Palmenart im BOGA Berlin

Aber nicht nur ich, auch andere Gärtnerinnen und Gärtner haben solche Hände, die sich ständig in den Pflanzungen bewegen, Samenstände kneten, Gräser kämmen und kleine Austriebe prüfend zwischen Daumen und Zeigefinger halten und - ich freu' mich immer, wenn das passiert - bei Beratungsgesprächen die Pflanzen halten, mit ihnen gestikulieren, sie im Falle von duftenden Bestandteilen unter meine Nase halten und beim Verkauf noch einmal kurz anstreifen.

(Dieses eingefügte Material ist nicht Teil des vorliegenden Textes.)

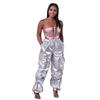 European & American Women's Fashion Casual Long Pants with Solid Color & 3D Pockets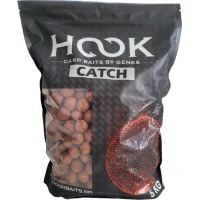 Boilies Semi Solubil HOOKBAITS Fishmeal Catch SS, Squid Strawberry, 24mm, 5kg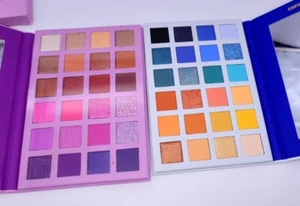 Lot of 2 Kara Beauty 24 Color Eyeshadow Palettes Mama de Flores Chica Enamorada - Imagen 1 de 8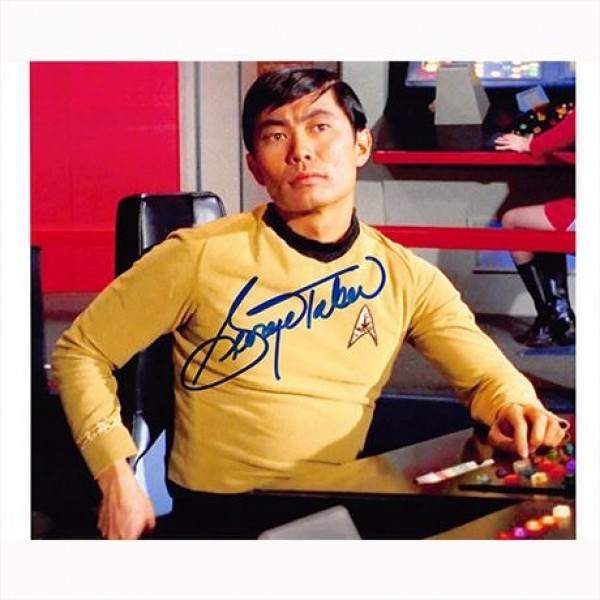 Autografo George Takei - Star Trek Foto 20x25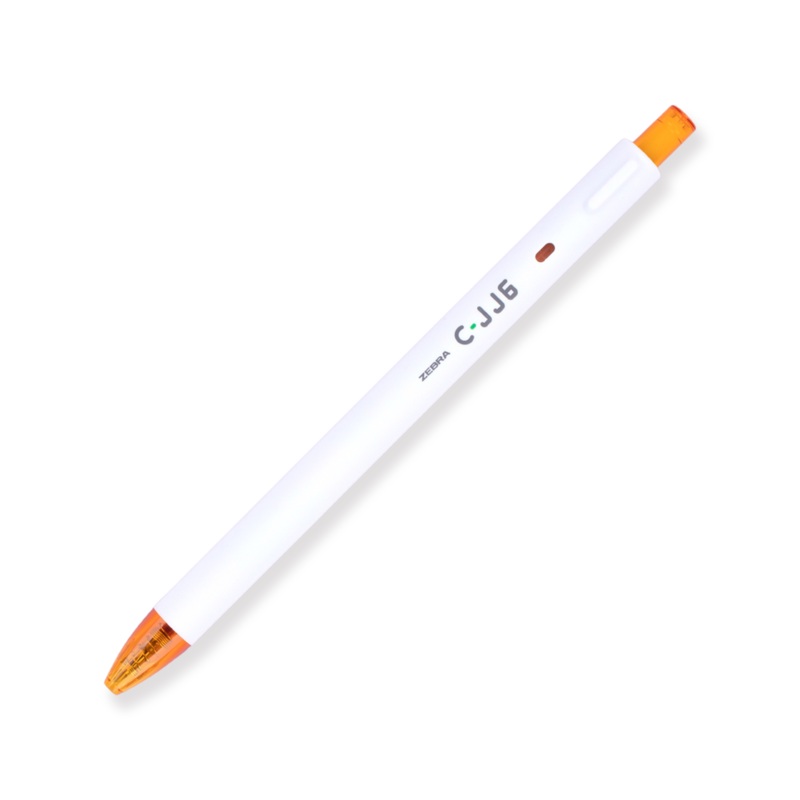 Zebra Rainbow Retractable Gel Pen 0.5mm – Orange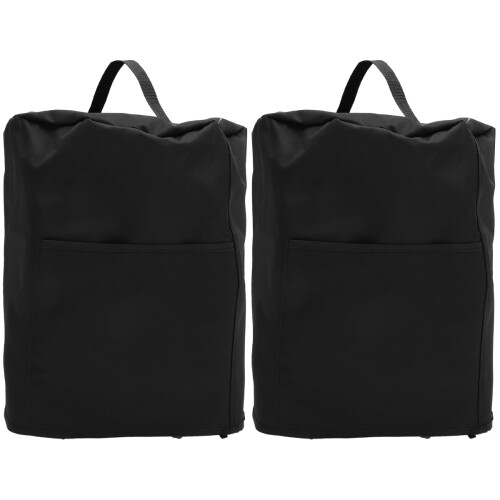 2Pcs Black Polyester Air Fryer Covers Home Kitchen Appliance Protector 2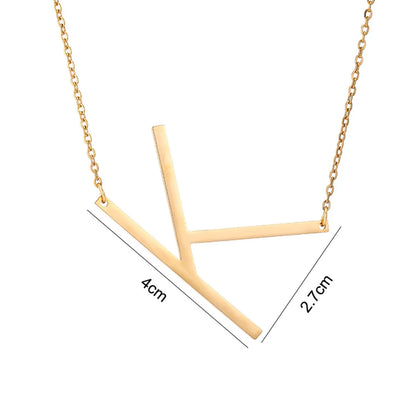 Simple Style Letter Stainless Steel Titanium Steel Plating Necklace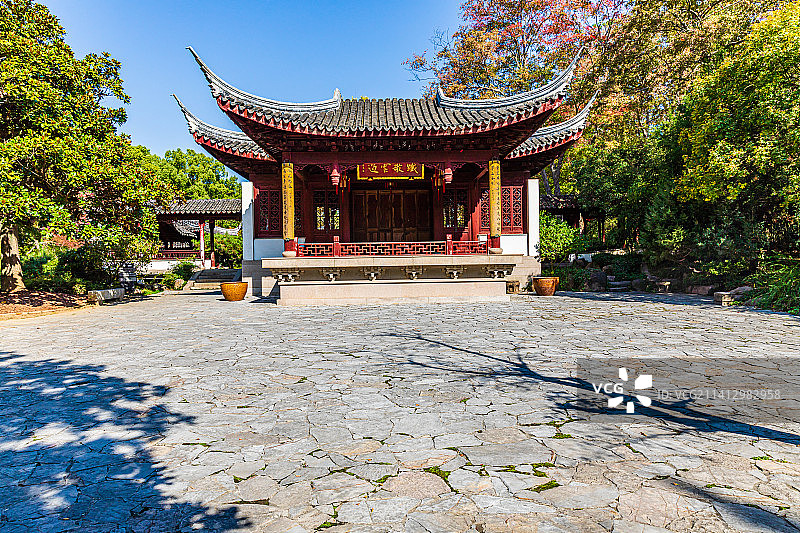 江苏苏州虎丘风景名胜区秋季风光图片素材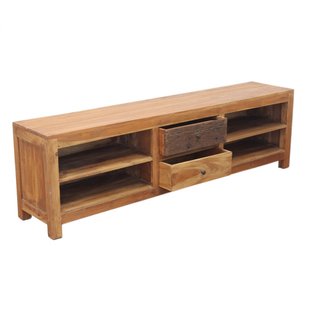 Mobile Porta TV 2 Cassetti 4 Vani  Legno Massello
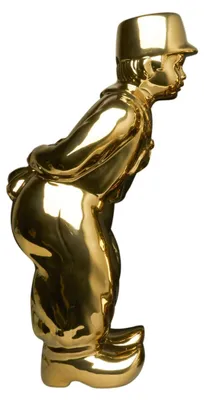 Productafbeelding van Heinen Delfts Blauw – Kuspaar "Boer Goud", 30 cm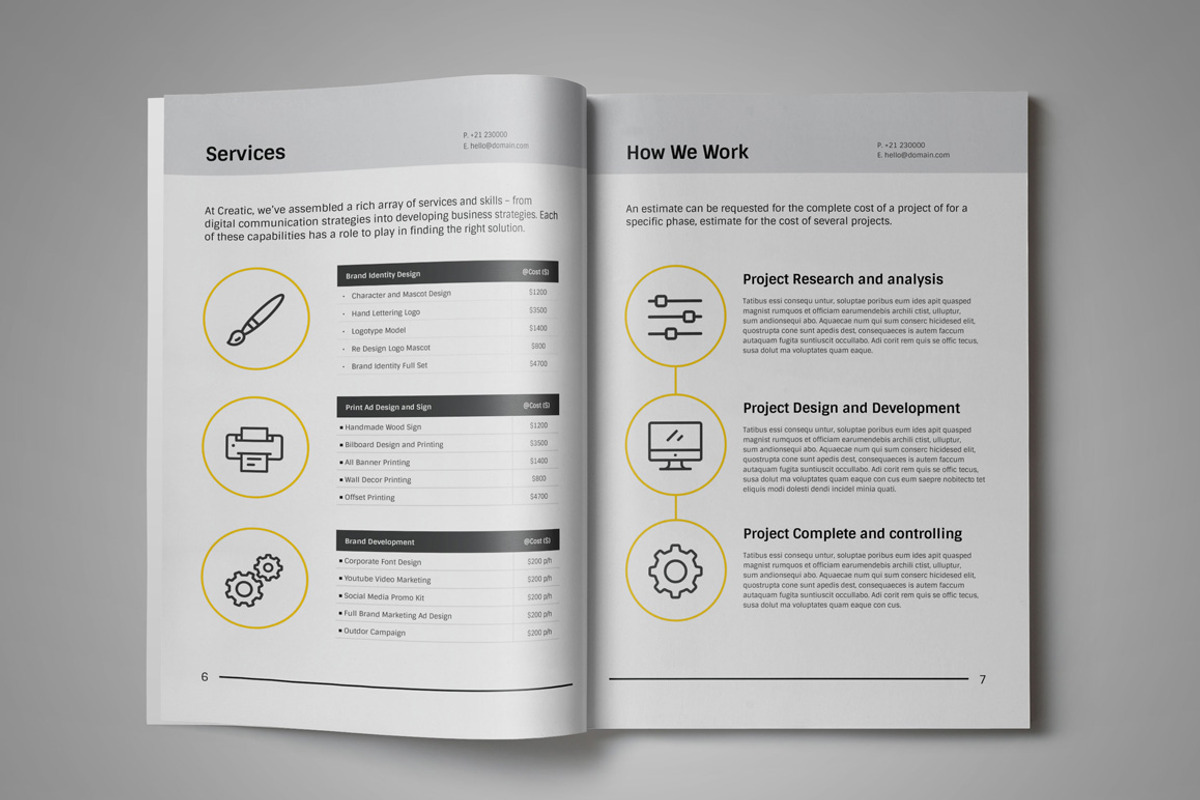 Brand Proposal, a Product Mockup by broluthfi (Photo 8 of 11)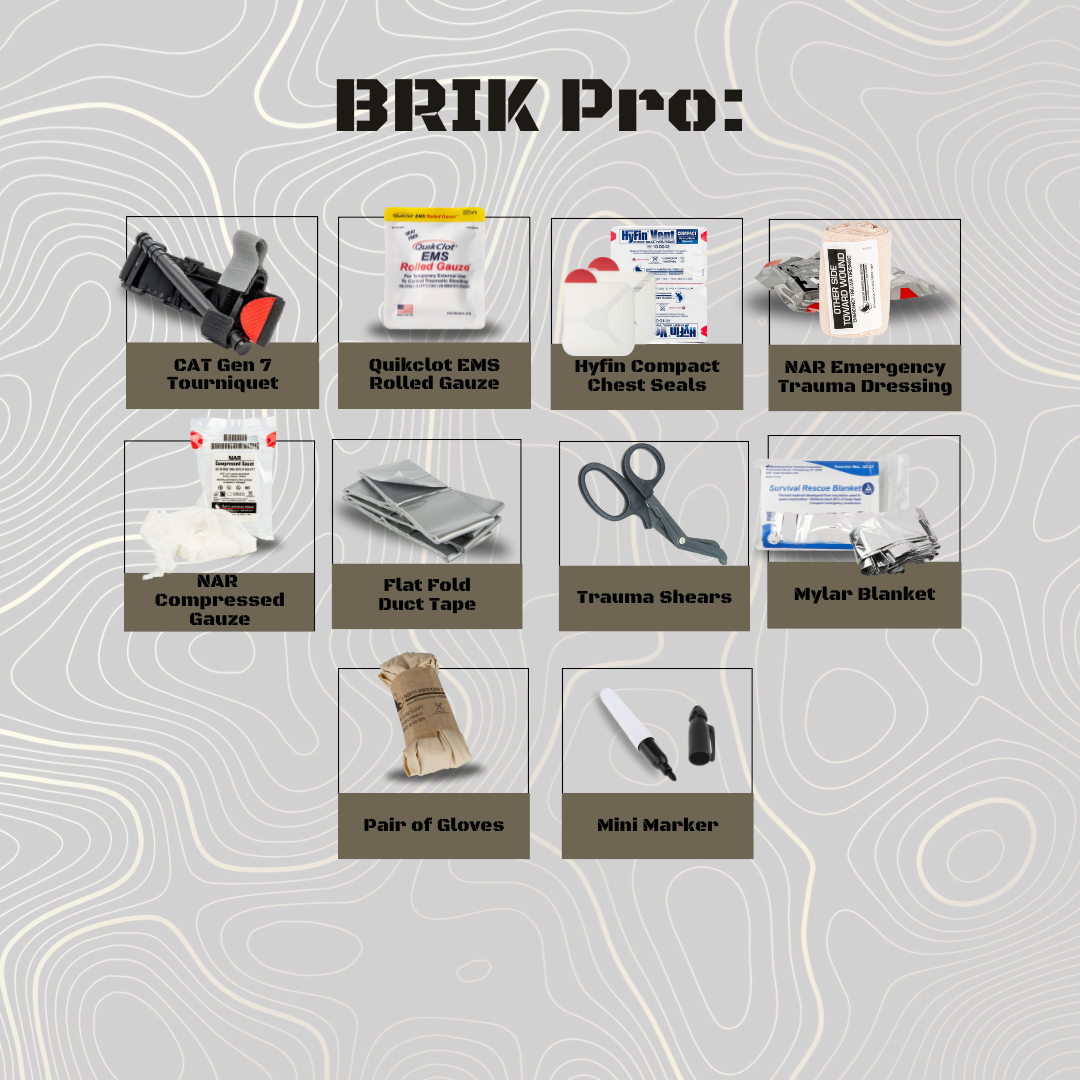 BRIK® (Bleed Resource Individual Kit)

Pflanzen gerne zu berühren, ist für mich ein Zeichen, dass man sie mag, dass man sie schätzt, keine Distanz aufbaut und sich gerne mit ihnen umgibt. Und nicht zuletzt ist das alles auch einfach erklärbar, mit haptischen Typen und besserer Merkfähigkeit, wenn alle Sinne genutzt werden, und mit verschiedenen Kanälen, wobei die Haptik bei manchen besonders ausgeprägt ist, wohingegen bei anderen das bloße Anschauen reicht, damit eine Staude erkannt wird - völlig wissenschaftlich also.

Peltoboykinia watanabei

So zerlegt, ist mein Impuls eigentlich nicht mehr wirklich rätselhaft - bis auf den Umstand, dass die Haptik und damit die genaue Information zur textuellen Beschaffenheit von Pflanzen nichts ist, was zu normalen Beschreibungen dazugehört. Ich selber sage es auch nicht oft dazu, es ist so etwas wie eine Metaebene der Pflanzenbeschreibung, ein Eindruck, der mit einem Pflanzennamen mitschwingt, so wie die Hasenohren beim Stachys. Oder - und ich habe mich wirklich gefreut, als ich mal einen ausgegraben habe - die Hundszähne, die wie ein gefletsches Gebiss im Boden liegen. Es gibt noch mehr von diesen Pflanzen mit Haptiknamen... wenn man bloß darauf achtet.